Campus Buzz

Justice talks on campus: “Justice Talking,” the NPR program focusing on legal and constitutional controversies produced by the Annenberg Public Policy Center, has moved its tapings to the Penn campus. The first two tapings took place on January 14 in the Wistar Institute’s Grossman Auditorium, the show’s new home. You’re invited to join the audience for future tapings; the next one’s scheduled for Feb. 2. To reserve seats for a taping, or to find out more about the show, visit or call the show’s publicity coordinator, Gary Kalman, at 215-573-3623.

’Twas a merry Christmas: Thanks to the generosity of the campus community, hundreds of children and families in West Philadelphia shared in the joy of the season. Penn VIPS Coordinator Isabel Mapp reports that the annual Penn VIPS Holiday Toy Drive collected more than 700 toys and gifts that were distributed to local service agencies, and staff in 15 University offices “adopted” local families for the holidays. In related news, the Wharton Evening students who organized a food and clothing drive for the holidays (“Campus Buzz,” Current, Nov. 29) collected more than 200 items of clothing and 500 food donations—and the gifts just keep on coming. That last fact led Mohammed Islam (WEv’02), one of the drive’s organizers, to make a request: Please, no more donations—the drive ended Dec. 19. Those still interested in helping out can contact Project HOME, the drive’s beneficiary, directly at 215-232-7272.
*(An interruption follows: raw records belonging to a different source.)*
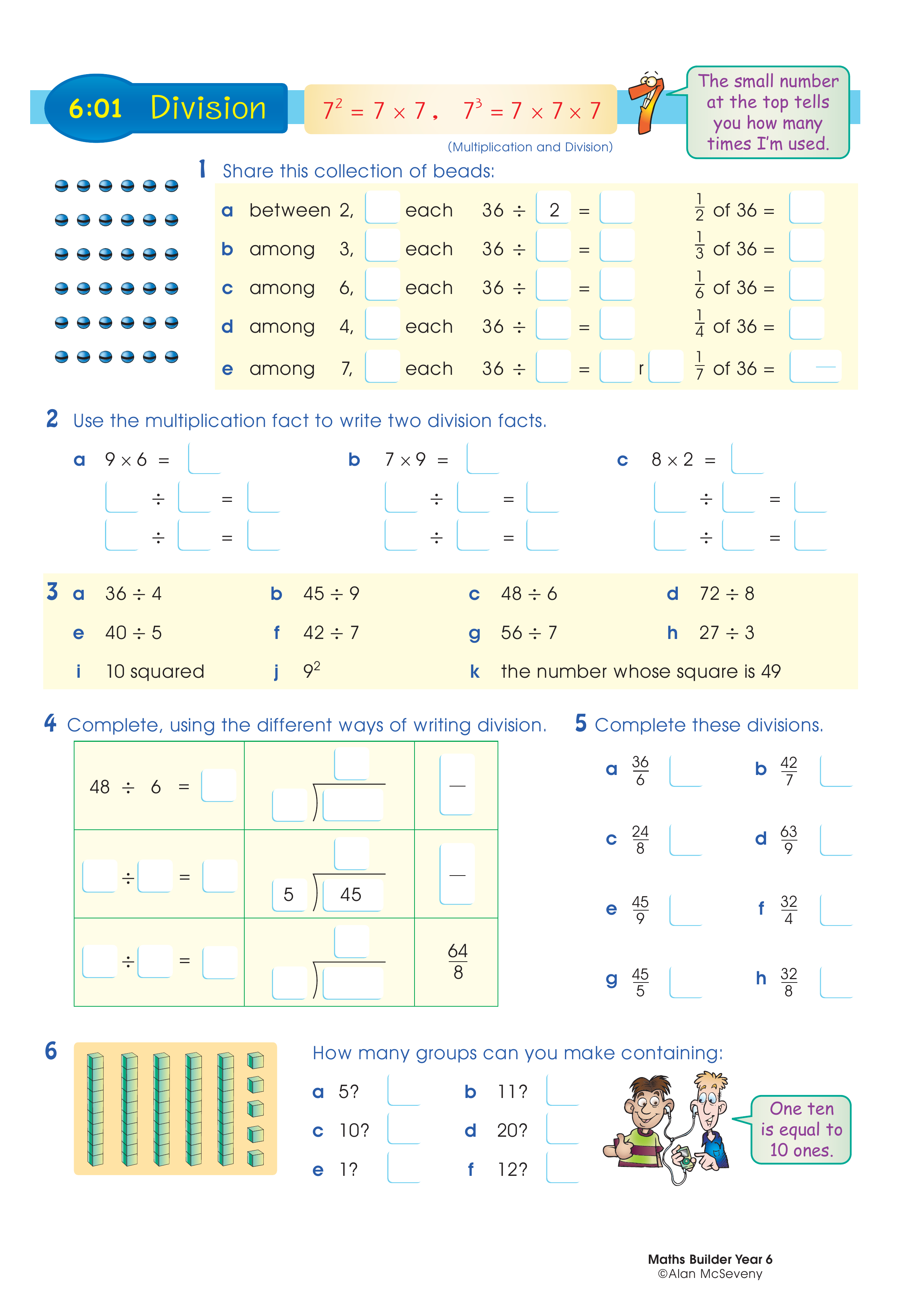Division — worksheet preview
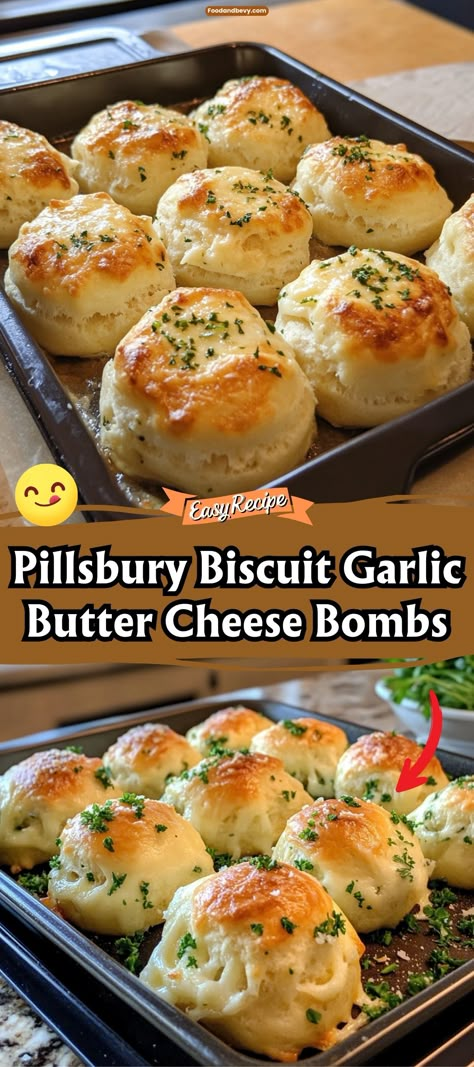 Explode with flavor with Pillsbury Biscuit Garlic Butter Cheese Bombs. These delightful bites are made by stuffing Pillsbury biscuits with oozy mozzarella cheese, then topping them with a rich garlic butter sauce. Perfect for parties or as a tantalizing side, they're sure to be a hit! #CheeseBombs #GarlicButter #PartyFood Pillsbury Biscuit Recipe Ideas, Desserts Made With Biscuit Dough, Appetizers With Biscuits Easy Recipes, Garlic Butter Cheese Bread, Easy Cheese Biscuit Recipe, Crescent Roll Garlic Cheese Bread, Garlic Bread From Biscuits, Mozzarella Stuffed Biscuits, Dinner Recipes With Biscuits Pillsbury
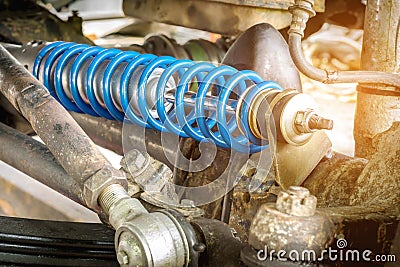 Shock absorber and car suspension of a car Stock Photo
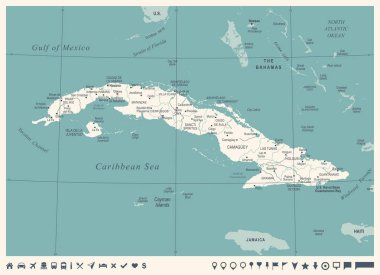 Küba Haritası - Vintage detaylı vektör çizim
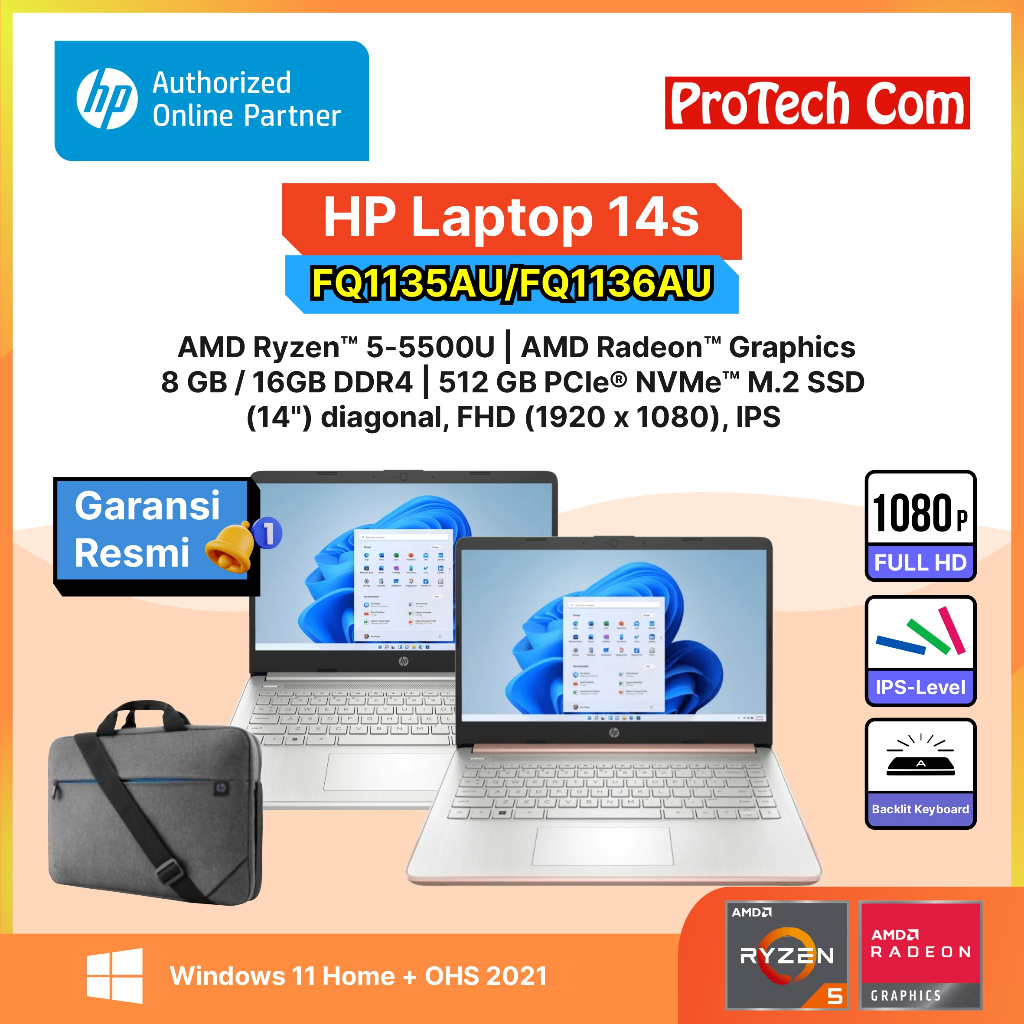 Jual Laptop Hp 14s Fq1135aufq1136au Ryzen 5 5500u 512g 14 Fhd Ips W11 Ohs 2021 Shopee Indonesia 0231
Telecom guru makes splash in the heartland: “Felt better than a quote in The New York Times to me.” That’s the reaction of Internet guru David Farber, the Alfred Fitler Moore Professor of Telecommunications, to an essay that ran in The Tonganoxie (Kan.) Mirror Jan. 2. The essay was written by the paper’s news editor, Lisa Scheller, who is also a graduate journalism student at the University of Kansas. She had interviewed Farber for a research paper on the government’s “Carnivore” system, which intercepts e-mail and Web traffic, and had asked him what she could do to raise public awareness of the privacy issues involved. “You suggested that Americans need to understand what stands behind the flag,” she told him in an e-mail. She explained the issues—and quoted Farber liberally—in the essay, which is available at the Mirror’s Web site,

Penn in ink: “Wow, this sounds awfully familiar.” That was Professor of History Thomas Childers’ reaction as he read a passage in historian Stephen Ambrose’s book “The Wild Blue,” according to an item in People Jan. 21. It turned out that the passage was familiar—Ambrose had lifted it verbatim from Childers’ 1995 book “Wings of Morning,” about his uncle’s flight squadron in World War II. Childers stayed mum about the plagiarism at the time, but it became a national scandal when The Weekly Standard broke the story Jan. 14. Ambrose has apologized to Childers.